Sowing under cover
Wild seeds can be sown and raised as individual plants in seed trays and pots in the same way as any other garden plant.
This approach requires more effort than sowing in the open, but as the proportion of seeds that result in an established plant is higher this method can be particularly useful for difficult or slower growing species.
When sowing under cover in a cold frame or greenhouse, seed can be sown at most times of year to produce plants for autumn or spring planting. Quick growing annuals and perennials will be large enough to plant out in 4 - 8 weeks from sowing, slower perennials 3 -12 months.
Wild seeds grow well sown on most standard horticultural composts (including peat-free compost). Sow thinly and cover to a depth no greater than the width of the seed sown (ie for the finest seeds no covering at all). For seeds which will be slow to germinate (eg cowslip) a thin layer of horticultural grit scattered on the surface will help prevent moss and algal growth.
Keep the compost damp, but do not over-water. Over-wintered trays are best kept covered (eg in a cold frame) so that the compost does not get saturated by winter rains. Seeds will germinate naturally when the temperature and light conditions are suitable. Gentle heat may be used to bring on plants early in the year. Plants raised under cover or out of season, however, will need careful hardening off before planting out. Once growth has started keep the seedlings well ventilated to help prevent mildew.
Wild seeds are generally more reluctant to germinate than seeds of most cultivated plants which have been bred for ease of cultivation. Most wild flower seeds possess some degree of dormancy which means that germination will be delayed until the appropriate conditions are met, and some also require a particular environmental trigger before germination can occur. For many species these conditions are easily and quickly met so that some germination occurs after only a brief delay. A few species eg cowslip seed will only germinate after the sown seed has passed through a winter - in this case the seed must be sown in the autumn several months before germination takes place.

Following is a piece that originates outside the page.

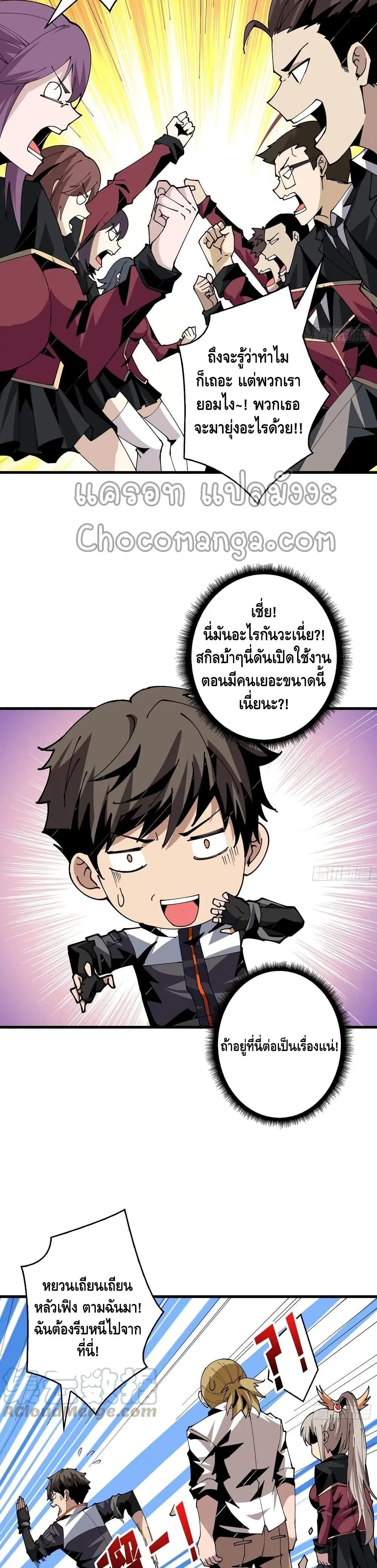 หน้า 18 จาก 22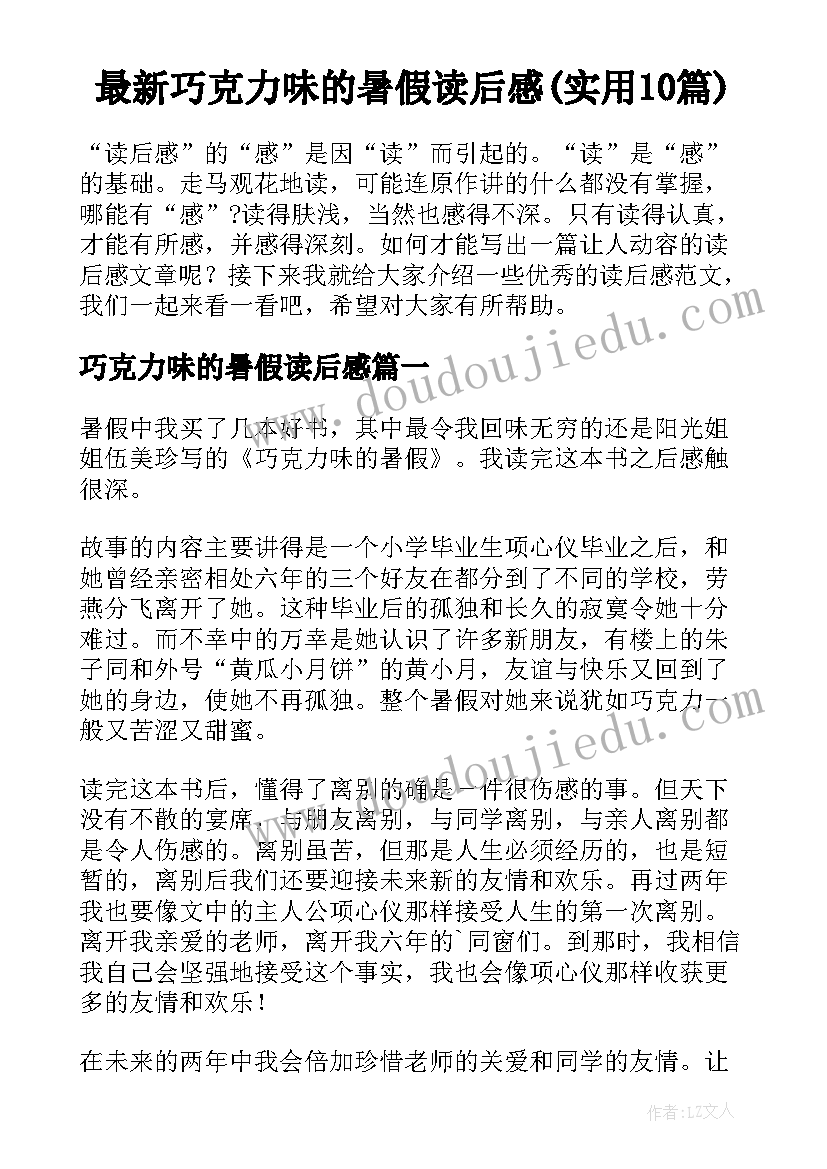 最新巧克力味的暑假读后感(实用10篇)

More detail on germination and dormancy can be found in individual species accounts and in the separate article on this subject.
Seedlings can be potted on into pots or plugs/plant modules as soon as they are large enough to handle. As with all seedlings take care not to damage the growing tip of the young shoot, or allow the roots to dry out.
Perennial plants can be held for some time in their pots until conditions are suitable for planting. Annuals and faster growing biennials and perennials are best planted out as soon as they are big enough as their development may be compromised if they become pot-bound. Tap-rooted species (eg carrot family) need to be grown in taller containers and/or planted out whilst young.
Wild flowers and grasses can be planted in to beds (eg as part of a herbaceous planting scheme in a garden), into newly sown wild flower and grass areas (before or after sowing), or into existing grassland or other vegetation.
Plants can be planted in open ground at any time of year when the soil is workable. Plants set out in dry weather will need watering until they are well established.
When planting into existing vegetation it is important to ensure that the young plant will find the space and resources it will need to compete against its new already established neighbours. Planting into existing vegetation is usually more successful in autumn as there is plenty of moisture available and growth of competing plants will be slowing up as winter approaches. Before planting you will need to create space in to which each plant can grow. This can be created immediately before planting by removing or inverting a patch of turf to expose a patch of soil. Alternatively gaps (c 30cm across) can be prepared in advance by killing patches of vegetation with a herbicide (eg glyphosate), or by leaving tiles or slabs over the positions in the weeks before planting.
Whilst plants that have been raised in pots initially have a head start over seedlings sown directly onto the site, longterm success will still depend upon the suitability of the species to the environment in which each plant is placed. Good aftercare and management of the site will also be important.